WHAT TO DO: Below are entries. Copy exactly the lines running from the line that holds "Let's get started. The" to the line that holds "These drafting standards", with both ends included.

PROVIDED RECORDS:

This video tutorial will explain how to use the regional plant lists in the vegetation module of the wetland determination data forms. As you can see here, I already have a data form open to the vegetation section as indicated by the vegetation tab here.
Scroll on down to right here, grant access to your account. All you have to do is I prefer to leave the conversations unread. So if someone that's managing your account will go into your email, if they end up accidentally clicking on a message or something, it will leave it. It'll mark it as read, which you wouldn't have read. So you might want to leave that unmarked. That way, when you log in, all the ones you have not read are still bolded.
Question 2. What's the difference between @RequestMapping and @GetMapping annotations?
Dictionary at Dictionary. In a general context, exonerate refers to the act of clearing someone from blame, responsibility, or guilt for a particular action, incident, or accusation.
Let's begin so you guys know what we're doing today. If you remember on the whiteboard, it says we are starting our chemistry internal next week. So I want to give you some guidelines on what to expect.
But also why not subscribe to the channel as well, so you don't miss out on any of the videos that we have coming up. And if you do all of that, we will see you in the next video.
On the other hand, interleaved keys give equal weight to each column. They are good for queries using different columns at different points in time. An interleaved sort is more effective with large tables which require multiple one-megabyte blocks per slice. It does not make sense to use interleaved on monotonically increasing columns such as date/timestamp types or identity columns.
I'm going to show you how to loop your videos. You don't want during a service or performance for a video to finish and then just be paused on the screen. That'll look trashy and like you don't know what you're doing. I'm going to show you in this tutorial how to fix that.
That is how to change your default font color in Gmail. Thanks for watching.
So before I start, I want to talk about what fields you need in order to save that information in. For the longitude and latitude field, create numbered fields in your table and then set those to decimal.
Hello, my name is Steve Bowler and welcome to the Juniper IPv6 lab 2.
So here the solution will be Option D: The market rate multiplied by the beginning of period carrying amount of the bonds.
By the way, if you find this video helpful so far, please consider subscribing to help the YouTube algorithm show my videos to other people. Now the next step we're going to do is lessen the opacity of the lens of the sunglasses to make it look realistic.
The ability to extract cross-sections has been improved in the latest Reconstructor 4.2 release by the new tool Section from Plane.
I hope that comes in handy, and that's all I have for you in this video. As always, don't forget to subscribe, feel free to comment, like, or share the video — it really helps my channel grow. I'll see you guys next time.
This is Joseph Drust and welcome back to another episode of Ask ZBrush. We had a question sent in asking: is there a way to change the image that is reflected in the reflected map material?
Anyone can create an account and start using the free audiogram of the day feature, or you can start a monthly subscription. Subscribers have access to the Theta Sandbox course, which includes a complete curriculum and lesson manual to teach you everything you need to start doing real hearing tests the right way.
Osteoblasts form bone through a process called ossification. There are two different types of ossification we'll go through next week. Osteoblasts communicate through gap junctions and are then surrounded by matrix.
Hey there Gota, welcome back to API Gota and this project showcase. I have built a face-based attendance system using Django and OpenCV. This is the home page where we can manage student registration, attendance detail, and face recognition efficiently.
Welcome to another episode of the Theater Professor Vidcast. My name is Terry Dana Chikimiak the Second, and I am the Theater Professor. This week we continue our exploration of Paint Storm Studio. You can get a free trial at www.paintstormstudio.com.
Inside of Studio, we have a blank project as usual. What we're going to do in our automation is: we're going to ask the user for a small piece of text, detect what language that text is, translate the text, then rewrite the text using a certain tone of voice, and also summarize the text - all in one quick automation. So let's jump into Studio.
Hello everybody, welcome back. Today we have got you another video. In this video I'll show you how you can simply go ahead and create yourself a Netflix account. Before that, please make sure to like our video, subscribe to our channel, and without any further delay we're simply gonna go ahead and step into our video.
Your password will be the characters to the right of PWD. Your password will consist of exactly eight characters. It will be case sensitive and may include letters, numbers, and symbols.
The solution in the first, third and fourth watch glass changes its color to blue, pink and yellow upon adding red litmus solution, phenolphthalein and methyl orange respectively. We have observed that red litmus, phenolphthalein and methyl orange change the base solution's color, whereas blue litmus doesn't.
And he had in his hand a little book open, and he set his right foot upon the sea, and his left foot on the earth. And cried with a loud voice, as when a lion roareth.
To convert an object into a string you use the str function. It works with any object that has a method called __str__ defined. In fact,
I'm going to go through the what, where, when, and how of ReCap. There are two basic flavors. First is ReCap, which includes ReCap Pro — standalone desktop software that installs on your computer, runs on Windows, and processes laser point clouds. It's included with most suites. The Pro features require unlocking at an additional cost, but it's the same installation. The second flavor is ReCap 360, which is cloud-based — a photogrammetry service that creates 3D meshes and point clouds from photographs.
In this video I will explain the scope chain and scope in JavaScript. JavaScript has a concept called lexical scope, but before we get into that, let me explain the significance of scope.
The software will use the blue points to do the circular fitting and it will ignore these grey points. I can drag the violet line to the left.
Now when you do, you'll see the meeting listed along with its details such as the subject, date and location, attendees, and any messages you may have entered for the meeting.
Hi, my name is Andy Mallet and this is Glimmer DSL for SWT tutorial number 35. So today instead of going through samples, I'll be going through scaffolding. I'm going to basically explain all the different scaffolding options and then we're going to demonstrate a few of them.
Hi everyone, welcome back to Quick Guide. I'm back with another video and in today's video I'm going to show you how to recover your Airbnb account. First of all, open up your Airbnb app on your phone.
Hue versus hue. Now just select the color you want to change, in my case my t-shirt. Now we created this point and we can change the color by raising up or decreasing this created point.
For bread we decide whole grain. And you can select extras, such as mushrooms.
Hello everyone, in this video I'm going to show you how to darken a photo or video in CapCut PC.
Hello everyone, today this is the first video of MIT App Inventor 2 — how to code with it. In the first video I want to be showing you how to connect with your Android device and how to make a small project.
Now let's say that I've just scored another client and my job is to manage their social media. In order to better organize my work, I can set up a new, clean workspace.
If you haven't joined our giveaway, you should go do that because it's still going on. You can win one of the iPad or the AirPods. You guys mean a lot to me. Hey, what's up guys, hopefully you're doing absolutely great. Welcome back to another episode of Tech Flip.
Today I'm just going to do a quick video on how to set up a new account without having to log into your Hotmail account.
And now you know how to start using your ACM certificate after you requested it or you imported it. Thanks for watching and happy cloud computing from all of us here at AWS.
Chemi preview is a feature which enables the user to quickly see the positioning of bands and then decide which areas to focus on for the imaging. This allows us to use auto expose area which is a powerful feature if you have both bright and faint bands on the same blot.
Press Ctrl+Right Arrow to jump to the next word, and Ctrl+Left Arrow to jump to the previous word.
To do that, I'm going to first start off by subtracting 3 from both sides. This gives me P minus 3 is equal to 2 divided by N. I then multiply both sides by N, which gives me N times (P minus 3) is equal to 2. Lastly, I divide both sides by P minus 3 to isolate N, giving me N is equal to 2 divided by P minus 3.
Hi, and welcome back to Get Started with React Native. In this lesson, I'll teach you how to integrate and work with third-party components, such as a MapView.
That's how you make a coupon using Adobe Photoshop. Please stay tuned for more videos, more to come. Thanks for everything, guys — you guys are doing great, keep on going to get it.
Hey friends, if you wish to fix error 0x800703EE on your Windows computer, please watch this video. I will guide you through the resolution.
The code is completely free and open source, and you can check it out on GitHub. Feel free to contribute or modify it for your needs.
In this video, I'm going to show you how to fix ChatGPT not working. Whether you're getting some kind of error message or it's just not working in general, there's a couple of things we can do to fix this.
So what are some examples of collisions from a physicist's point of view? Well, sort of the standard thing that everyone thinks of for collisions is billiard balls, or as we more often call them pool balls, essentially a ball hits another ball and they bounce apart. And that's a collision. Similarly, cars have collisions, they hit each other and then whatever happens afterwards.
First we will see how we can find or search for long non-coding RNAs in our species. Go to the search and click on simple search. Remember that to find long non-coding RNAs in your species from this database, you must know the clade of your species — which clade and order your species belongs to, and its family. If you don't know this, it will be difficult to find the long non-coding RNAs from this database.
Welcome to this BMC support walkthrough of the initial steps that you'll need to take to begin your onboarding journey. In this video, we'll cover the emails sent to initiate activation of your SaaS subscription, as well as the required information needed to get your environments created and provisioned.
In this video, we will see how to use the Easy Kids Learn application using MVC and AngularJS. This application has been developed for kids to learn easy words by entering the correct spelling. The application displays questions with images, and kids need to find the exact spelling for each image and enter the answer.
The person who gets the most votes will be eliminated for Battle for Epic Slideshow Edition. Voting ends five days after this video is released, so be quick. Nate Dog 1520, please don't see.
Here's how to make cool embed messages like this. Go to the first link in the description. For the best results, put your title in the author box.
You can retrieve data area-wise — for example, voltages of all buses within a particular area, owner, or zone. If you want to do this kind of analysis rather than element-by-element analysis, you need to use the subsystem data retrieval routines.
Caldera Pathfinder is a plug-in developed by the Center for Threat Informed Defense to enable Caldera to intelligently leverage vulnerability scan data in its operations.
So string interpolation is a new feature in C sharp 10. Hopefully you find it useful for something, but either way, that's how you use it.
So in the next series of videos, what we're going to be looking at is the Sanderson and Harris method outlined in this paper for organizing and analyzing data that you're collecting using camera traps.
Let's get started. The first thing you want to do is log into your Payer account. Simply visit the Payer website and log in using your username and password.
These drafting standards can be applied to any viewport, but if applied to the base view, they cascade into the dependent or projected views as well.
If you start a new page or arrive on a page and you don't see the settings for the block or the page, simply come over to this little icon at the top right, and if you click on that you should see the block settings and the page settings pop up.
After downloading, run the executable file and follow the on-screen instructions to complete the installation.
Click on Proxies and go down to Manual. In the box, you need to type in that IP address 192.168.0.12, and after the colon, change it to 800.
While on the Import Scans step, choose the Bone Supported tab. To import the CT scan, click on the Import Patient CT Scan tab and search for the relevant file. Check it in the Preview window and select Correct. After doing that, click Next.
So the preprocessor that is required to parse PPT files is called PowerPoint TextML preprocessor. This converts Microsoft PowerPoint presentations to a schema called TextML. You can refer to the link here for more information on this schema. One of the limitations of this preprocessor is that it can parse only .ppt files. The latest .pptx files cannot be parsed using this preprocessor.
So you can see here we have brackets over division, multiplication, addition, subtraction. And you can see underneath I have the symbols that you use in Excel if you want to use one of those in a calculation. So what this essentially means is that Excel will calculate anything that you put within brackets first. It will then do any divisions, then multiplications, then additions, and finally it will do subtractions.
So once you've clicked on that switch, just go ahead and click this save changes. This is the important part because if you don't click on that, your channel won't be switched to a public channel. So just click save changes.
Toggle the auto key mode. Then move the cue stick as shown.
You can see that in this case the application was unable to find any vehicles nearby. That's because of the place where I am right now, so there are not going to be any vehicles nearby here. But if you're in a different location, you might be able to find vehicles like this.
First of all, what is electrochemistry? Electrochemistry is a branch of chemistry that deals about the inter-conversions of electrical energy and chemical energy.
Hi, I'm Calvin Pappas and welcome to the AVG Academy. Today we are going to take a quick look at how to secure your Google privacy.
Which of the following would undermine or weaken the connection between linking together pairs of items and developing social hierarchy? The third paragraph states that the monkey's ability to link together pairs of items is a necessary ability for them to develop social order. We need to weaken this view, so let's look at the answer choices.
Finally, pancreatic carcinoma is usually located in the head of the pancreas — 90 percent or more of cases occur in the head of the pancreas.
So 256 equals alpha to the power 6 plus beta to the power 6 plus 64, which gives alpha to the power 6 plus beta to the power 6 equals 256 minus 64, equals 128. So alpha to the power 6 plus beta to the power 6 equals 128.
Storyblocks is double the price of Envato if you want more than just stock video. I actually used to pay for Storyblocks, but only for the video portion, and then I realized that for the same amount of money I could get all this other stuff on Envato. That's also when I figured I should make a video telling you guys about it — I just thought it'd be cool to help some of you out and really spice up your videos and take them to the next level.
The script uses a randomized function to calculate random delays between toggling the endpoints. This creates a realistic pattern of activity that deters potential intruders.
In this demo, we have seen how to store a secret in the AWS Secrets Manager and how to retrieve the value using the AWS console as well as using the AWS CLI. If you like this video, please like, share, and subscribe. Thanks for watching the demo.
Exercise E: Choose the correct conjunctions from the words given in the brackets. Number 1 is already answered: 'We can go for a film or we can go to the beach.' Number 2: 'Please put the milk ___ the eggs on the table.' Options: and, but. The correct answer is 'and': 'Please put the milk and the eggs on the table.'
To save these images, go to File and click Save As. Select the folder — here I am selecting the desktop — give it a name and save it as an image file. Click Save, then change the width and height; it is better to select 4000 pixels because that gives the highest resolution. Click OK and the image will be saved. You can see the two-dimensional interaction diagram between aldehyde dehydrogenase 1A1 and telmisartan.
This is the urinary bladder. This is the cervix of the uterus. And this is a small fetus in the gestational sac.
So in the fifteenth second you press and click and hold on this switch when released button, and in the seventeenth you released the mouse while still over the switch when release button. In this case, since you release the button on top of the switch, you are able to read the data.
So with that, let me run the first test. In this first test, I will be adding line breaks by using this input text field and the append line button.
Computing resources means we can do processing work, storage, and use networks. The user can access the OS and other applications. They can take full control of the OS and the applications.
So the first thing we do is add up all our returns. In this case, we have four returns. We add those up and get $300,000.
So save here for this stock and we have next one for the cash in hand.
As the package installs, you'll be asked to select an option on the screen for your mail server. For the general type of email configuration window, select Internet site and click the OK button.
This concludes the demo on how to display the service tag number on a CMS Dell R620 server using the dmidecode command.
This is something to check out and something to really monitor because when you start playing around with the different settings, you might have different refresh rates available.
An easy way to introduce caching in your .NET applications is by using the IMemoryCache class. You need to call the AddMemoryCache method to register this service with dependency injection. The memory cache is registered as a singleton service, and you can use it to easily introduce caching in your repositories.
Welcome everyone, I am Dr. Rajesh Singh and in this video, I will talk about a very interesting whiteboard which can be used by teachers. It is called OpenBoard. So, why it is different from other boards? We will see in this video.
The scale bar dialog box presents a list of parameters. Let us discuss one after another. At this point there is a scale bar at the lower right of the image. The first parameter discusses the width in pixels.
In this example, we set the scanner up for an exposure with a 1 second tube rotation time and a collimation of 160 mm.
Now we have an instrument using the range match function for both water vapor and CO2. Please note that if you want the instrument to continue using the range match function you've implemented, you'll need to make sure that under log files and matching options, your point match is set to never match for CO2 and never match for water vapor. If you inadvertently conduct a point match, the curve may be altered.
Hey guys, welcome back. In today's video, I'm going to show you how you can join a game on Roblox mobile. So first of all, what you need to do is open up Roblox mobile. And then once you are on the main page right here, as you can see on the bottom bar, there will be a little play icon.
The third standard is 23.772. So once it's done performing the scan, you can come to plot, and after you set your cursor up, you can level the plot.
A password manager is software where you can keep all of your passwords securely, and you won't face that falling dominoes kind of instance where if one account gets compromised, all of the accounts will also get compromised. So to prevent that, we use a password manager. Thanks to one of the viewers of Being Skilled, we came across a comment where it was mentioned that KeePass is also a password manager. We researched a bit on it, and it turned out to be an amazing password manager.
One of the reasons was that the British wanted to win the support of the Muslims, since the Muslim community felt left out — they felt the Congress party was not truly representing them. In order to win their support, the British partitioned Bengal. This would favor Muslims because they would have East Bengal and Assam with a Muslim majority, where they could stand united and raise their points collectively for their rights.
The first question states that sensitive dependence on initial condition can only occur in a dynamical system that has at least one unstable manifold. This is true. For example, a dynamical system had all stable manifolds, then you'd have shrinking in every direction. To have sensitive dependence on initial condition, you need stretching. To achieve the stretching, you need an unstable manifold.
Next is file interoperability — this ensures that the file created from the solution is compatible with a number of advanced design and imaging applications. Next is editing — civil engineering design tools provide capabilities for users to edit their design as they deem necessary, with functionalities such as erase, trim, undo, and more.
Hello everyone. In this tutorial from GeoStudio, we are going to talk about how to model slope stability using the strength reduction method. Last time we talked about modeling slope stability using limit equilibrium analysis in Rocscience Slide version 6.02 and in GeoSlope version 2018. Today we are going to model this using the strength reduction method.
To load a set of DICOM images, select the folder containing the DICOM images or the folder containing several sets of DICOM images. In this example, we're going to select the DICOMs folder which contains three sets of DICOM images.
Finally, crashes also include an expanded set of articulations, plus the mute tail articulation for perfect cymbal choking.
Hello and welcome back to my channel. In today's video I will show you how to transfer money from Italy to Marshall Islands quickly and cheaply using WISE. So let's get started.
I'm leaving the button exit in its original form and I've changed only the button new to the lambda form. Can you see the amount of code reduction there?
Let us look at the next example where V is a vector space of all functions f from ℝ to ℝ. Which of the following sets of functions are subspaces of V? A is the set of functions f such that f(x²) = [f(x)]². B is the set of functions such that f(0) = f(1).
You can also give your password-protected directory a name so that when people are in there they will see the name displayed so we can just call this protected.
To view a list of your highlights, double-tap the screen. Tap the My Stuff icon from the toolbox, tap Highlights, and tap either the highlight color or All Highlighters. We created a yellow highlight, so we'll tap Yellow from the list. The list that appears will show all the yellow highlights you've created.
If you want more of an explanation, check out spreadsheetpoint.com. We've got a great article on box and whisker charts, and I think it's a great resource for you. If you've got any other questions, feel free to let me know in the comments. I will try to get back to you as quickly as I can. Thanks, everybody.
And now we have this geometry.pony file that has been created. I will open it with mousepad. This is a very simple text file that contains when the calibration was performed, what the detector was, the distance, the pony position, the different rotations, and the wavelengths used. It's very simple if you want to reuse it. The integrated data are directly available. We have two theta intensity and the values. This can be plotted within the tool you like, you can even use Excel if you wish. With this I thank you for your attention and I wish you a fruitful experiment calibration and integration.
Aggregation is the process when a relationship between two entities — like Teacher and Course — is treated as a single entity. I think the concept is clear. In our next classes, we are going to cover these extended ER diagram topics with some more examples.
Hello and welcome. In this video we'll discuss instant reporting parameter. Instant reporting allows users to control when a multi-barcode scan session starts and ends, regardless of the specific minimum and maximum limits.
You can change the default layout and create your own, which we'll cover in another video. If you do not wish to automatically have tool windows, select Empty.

REPLY:
Let's get started. The first thing you want to do is log into your Payer account. Simply visit the Payer website and log in using your username and password.
These drafting standards can be applied to any viewport, but if applied to the base view, they cascade into the dependent or projected views as well.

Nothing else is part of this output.